(EXERCISE INSTRUCTIONS)
From the records that follow, return exactly the lines beginning at the one that contains "When going solar" and ending at the one that contains "Hey guys, we've", pictures left out.

.....

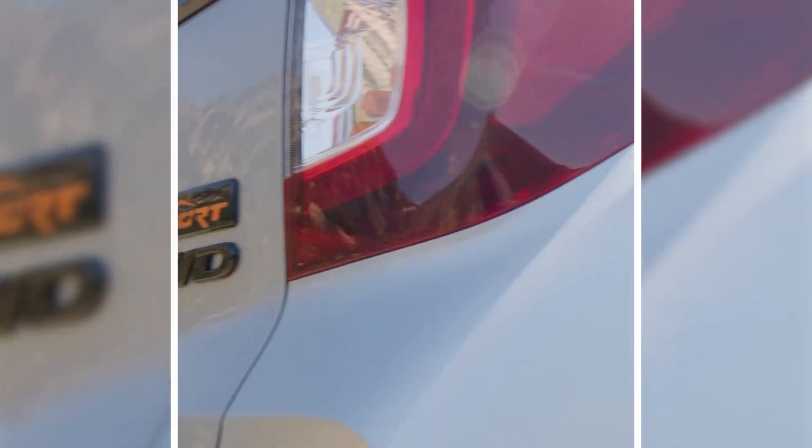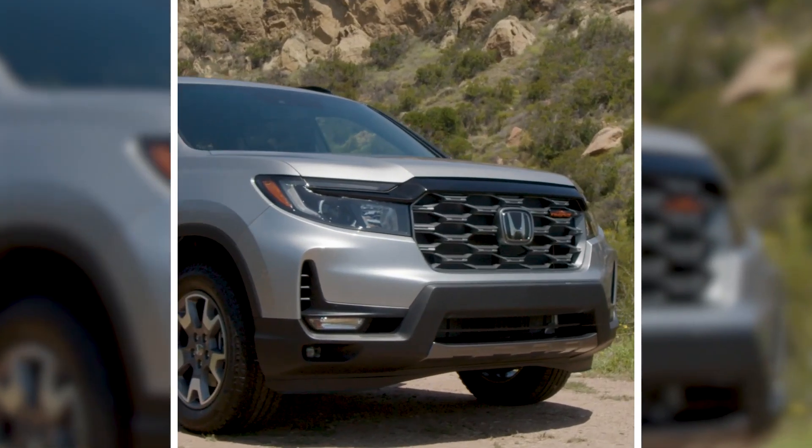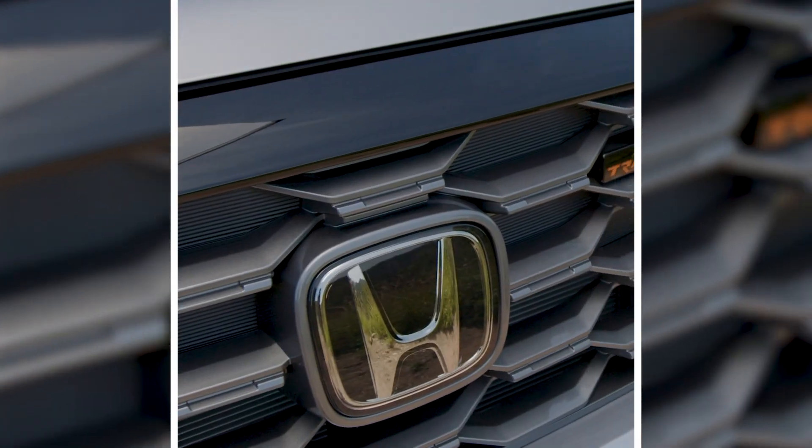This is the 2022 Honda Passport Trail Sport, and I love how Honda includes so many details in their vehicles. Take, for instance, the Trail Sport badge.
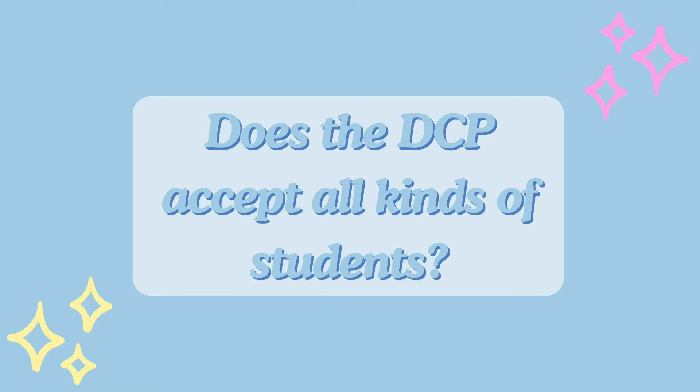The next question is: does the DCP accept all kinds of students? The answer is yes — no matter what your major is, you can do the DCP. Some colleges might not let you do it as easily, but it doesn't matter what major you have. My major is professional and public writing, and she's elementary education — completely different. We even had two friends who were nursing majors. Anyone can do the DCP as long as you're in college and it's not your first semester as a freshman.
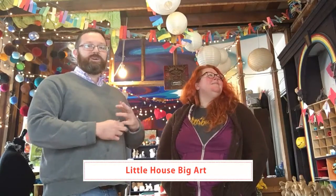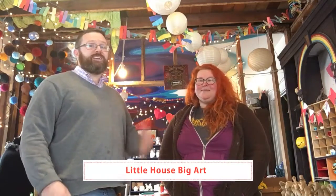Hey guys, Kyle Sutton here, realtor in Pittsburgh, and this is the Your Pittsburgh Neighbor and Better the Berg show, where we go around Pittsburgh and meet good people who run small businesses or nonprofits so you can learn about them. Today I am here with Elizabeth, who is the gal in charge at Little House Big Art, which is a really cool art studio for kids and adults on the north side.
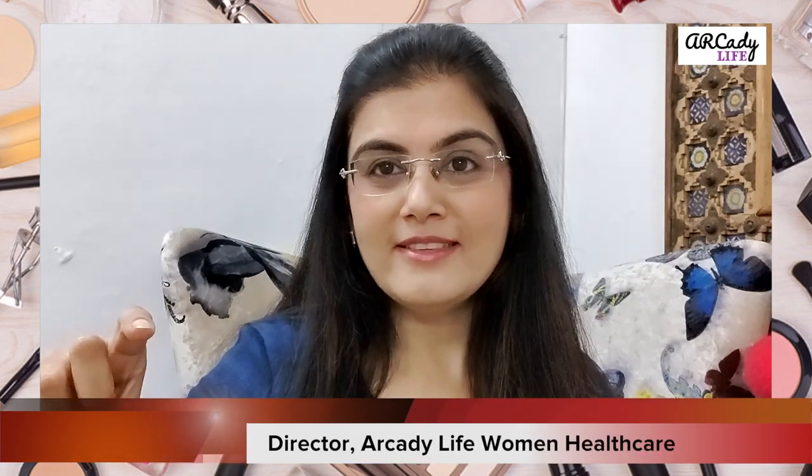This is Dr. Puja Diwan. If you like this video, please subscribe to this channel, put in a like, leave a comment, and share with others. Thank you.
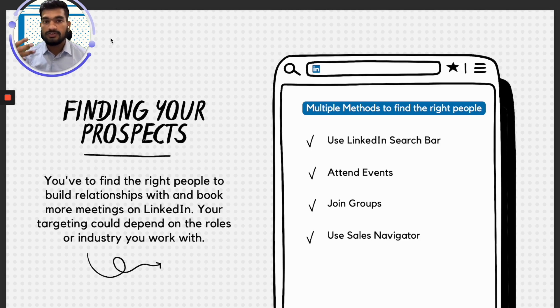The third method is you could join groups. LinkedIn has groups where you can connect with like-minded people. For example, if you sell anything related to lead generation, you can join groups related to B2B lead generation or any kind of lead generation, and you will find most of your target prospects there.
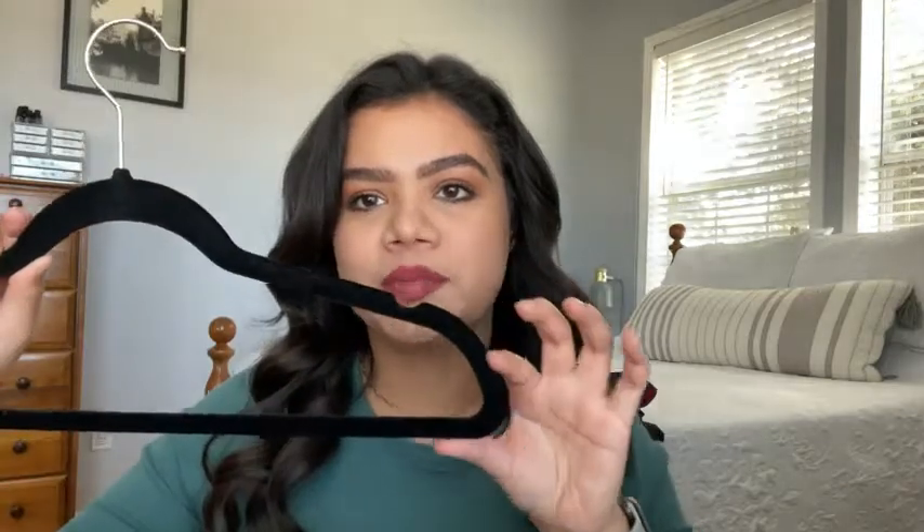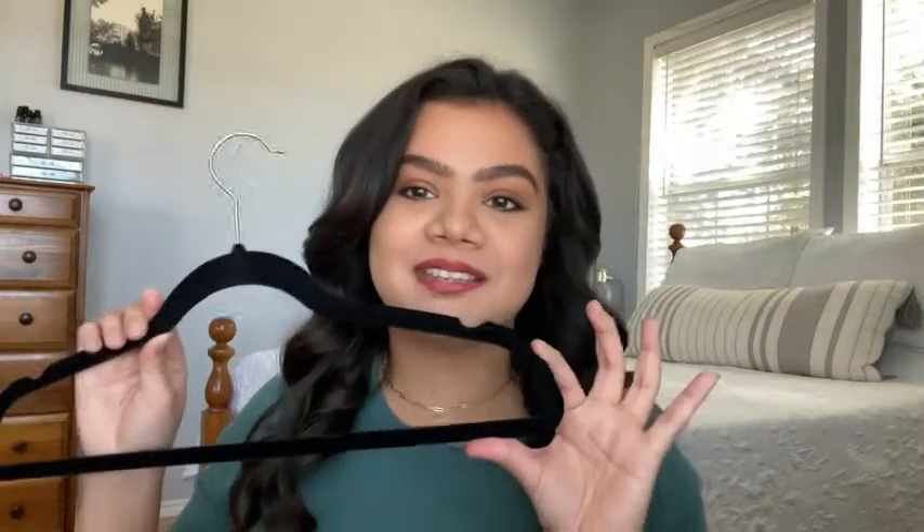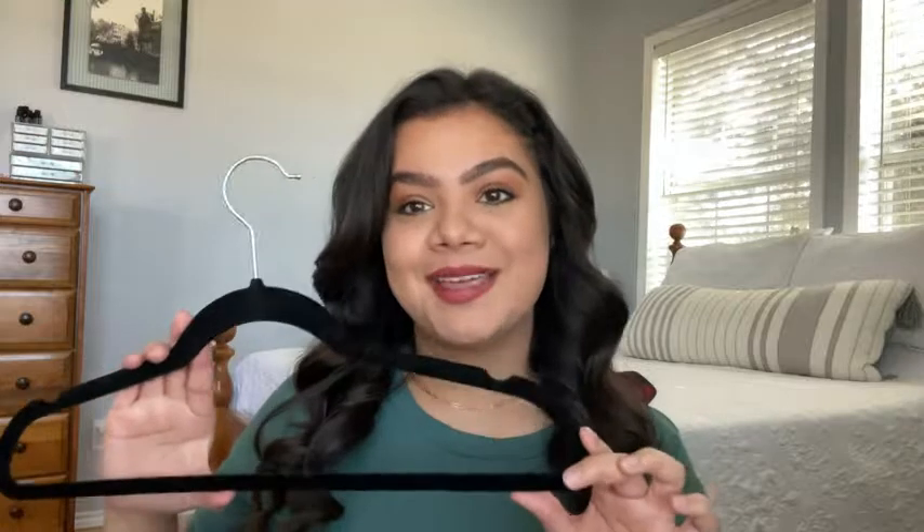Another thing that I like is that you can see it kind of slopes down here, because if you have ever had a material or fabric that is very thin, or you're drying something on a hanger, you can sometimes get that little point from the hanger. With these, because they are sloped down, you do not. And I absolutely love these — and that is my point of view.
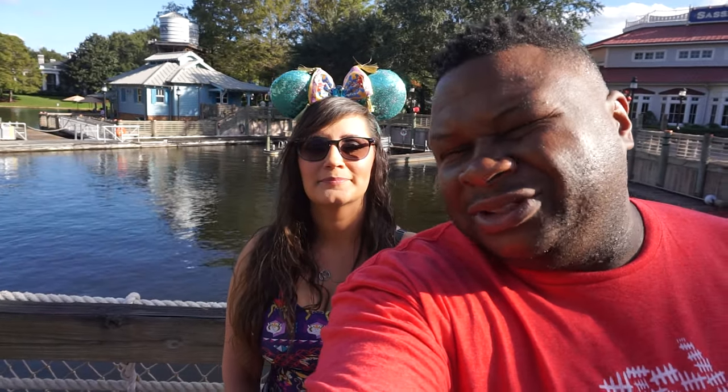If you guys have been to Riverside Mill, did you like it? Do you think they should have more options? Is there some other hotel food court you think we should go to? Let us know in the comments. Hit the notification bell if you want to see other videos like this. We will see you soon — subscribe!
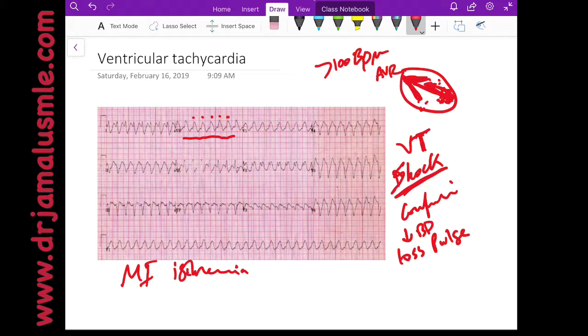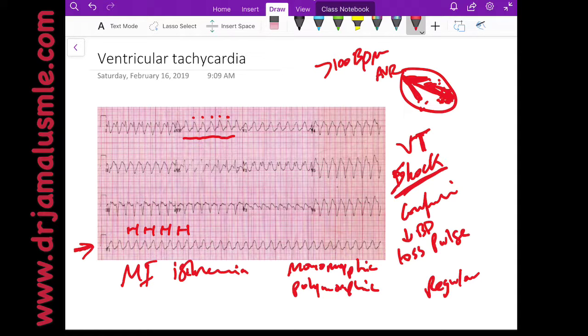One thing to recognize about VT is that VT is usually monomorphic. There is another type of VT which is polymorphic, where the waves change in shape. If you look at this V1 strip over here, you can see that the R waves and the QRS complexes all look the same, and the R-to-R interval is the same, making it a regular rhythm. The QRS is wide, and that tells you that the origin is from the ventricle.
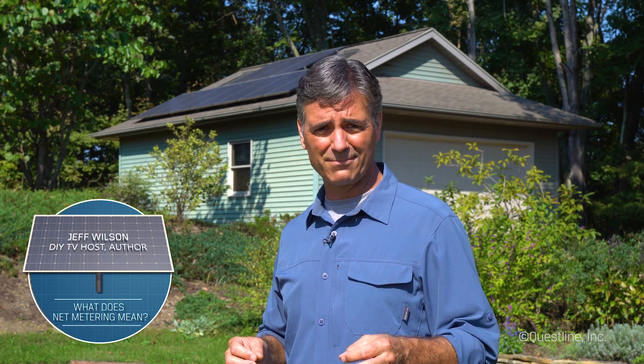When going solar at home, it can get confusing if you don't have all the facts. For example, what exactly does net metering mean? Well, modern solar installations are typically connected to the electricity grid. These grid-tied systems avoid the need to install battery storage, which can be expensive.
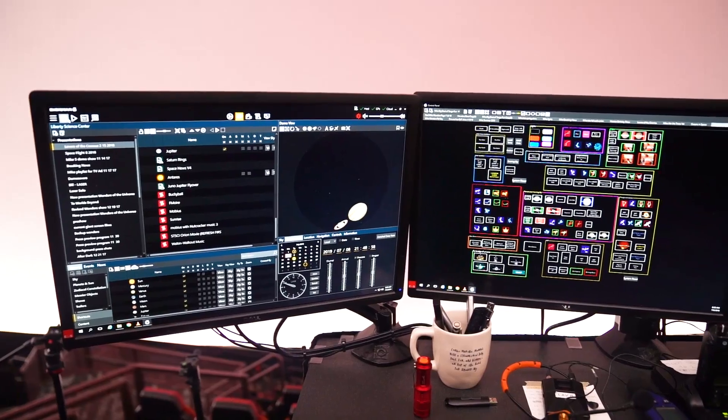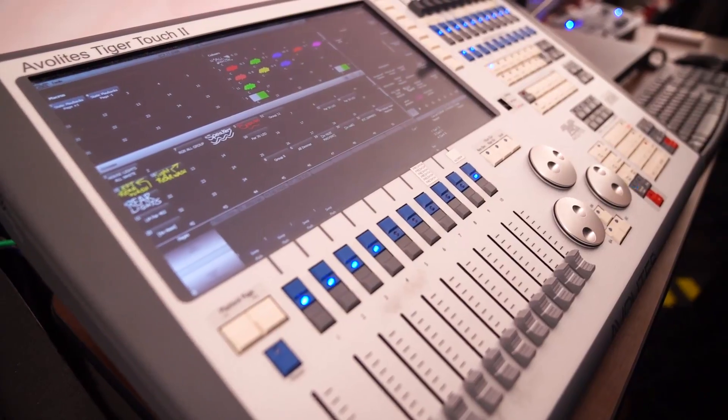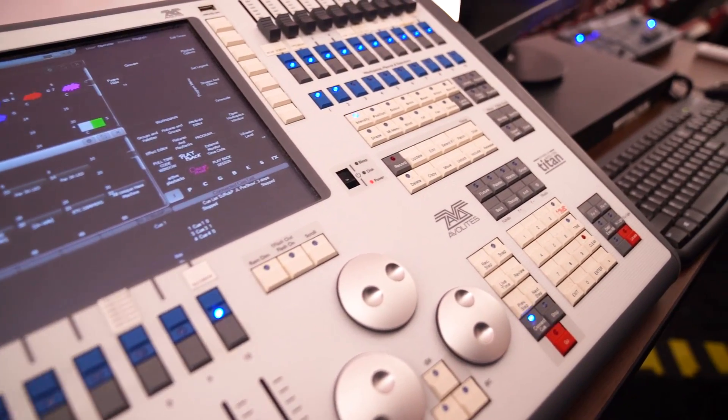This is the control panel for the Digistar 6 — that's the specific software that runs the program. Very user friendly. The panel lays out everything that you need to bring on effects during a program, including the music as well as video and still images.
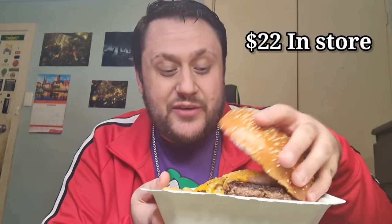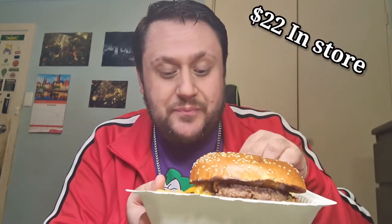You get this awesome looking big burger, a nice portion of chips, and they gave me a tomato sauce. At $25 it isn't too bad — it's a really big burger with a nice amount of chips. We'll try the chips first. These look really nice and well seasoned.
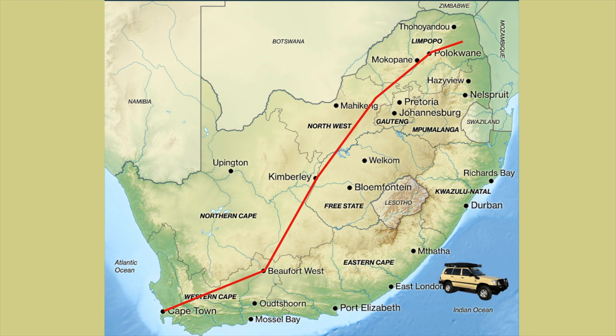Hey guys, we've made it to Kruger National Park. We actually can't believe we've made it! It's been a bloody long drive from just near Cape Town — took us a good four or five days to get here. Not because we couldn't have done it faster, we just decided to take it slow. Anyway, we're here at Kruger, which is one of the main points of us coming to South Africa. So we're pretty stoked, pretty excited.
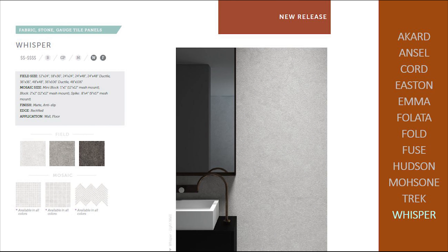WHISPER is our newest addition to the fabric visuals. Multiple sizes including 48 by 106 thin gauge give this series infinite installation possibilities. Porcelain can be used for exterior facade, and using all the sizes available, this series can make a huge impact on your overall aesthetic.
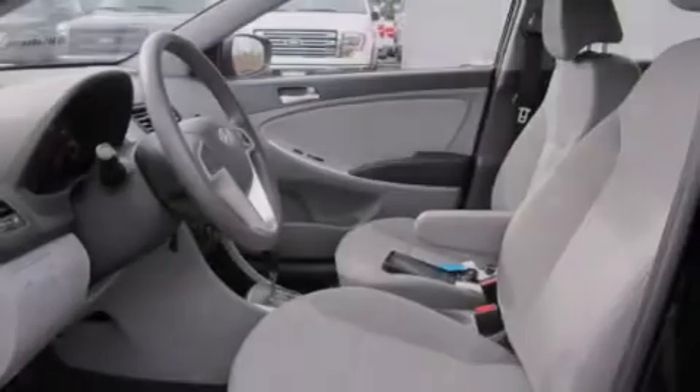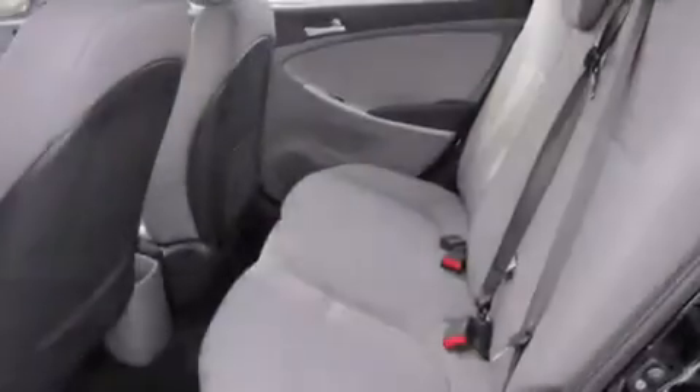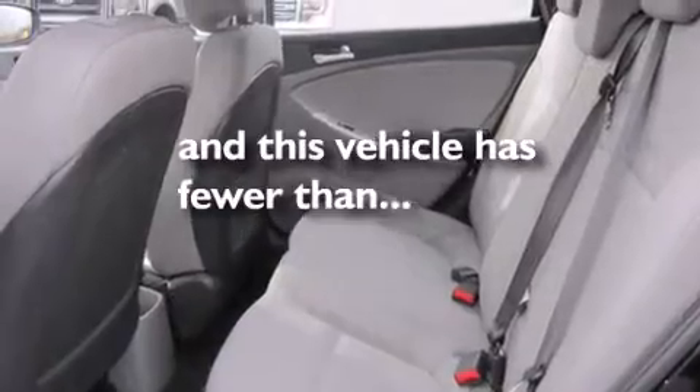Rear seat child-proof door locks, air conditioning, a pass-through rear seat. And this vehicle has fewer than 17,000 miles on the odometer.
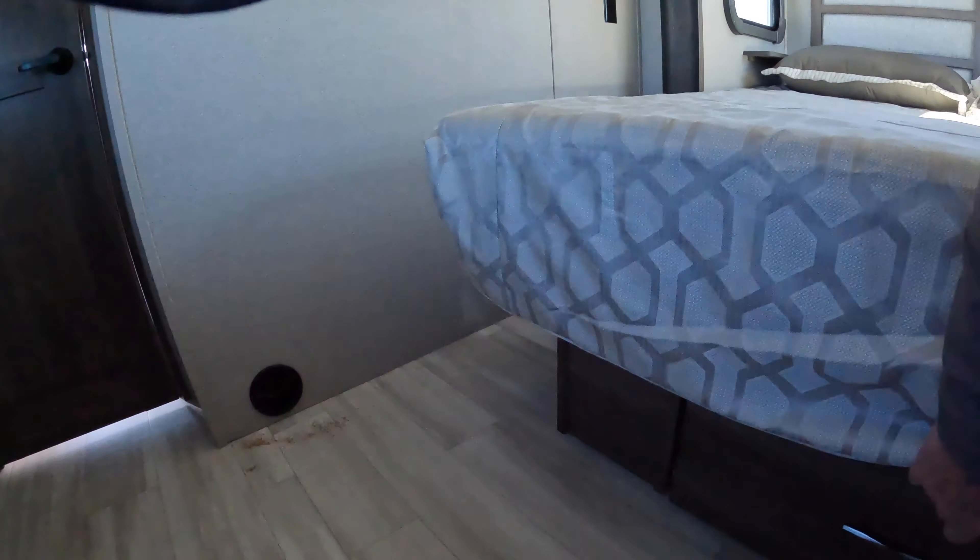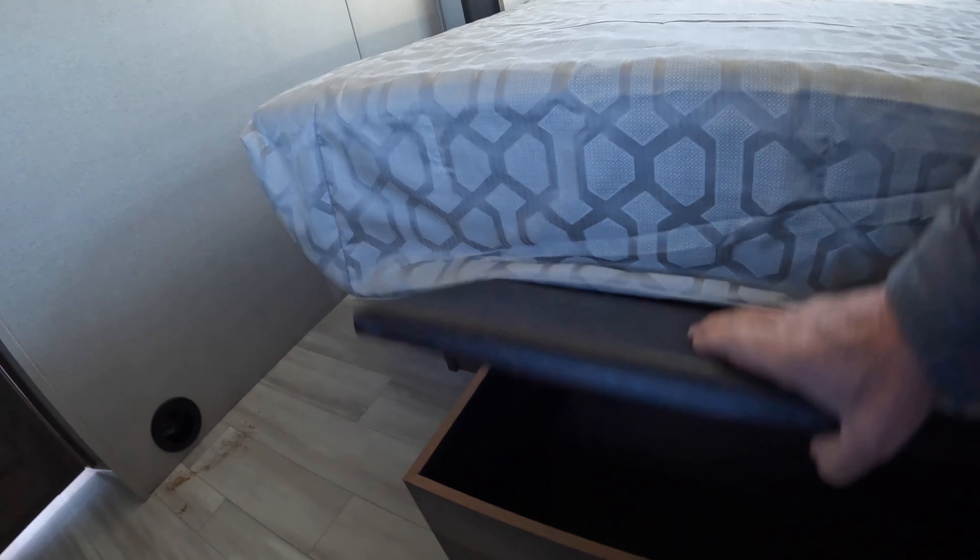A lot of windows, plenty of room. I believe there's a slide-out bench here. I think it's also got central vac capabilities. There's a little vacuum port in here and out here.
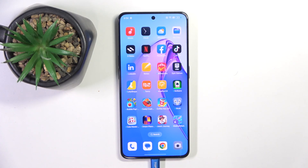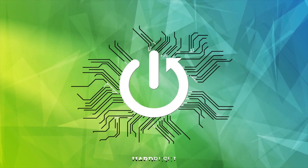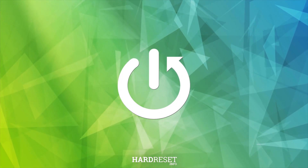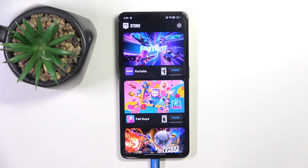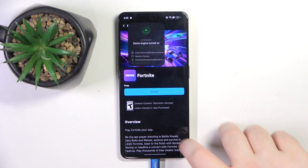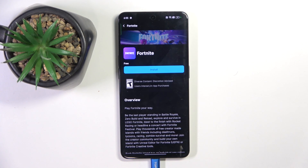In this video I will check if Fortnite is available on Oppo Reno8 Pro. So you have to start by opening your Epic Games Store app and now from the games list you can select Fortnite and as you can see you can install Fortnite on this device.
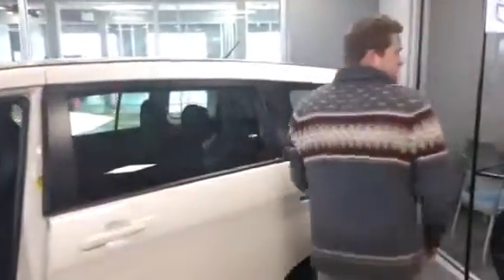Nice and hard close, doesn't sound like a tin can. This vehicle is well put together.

.....

(SOLVED EXERCISE)
When going solar at home, it can get confusing if you don't have all the facts. For example, what exactly does net metering mean? Well, modern solar installations are typically connected to the electricity grid. These grid-tied systems avoid the need to install battery storage, which can be expensive.
This is the control panel for the Digistar 6 — that's the specific software that runs the program. Very user friendly. The panel lays out everything that you need to bring on effects during a program, including the music as well as video and still images.
You get this awesome looking big burger, a nice portion of chips, and they gave me a tomato sauce. At $25 it isn't too bad — it's a really big burger with a nice amount of chips. We'll try the chips first. These look really nice and well seasoned.
Hey guys, we've made it to Kruger National Park. We actually can't believe we've made it! It's been a bloody long drive from just near Cape Town — took us a good four or five days to get here. Not because we couldn't have done it faster, we just decided to take it slow. Anyway, we're here at Kruger, which is one of the main points of us coming to South Africa. So we're pretty stoked, pretty excited.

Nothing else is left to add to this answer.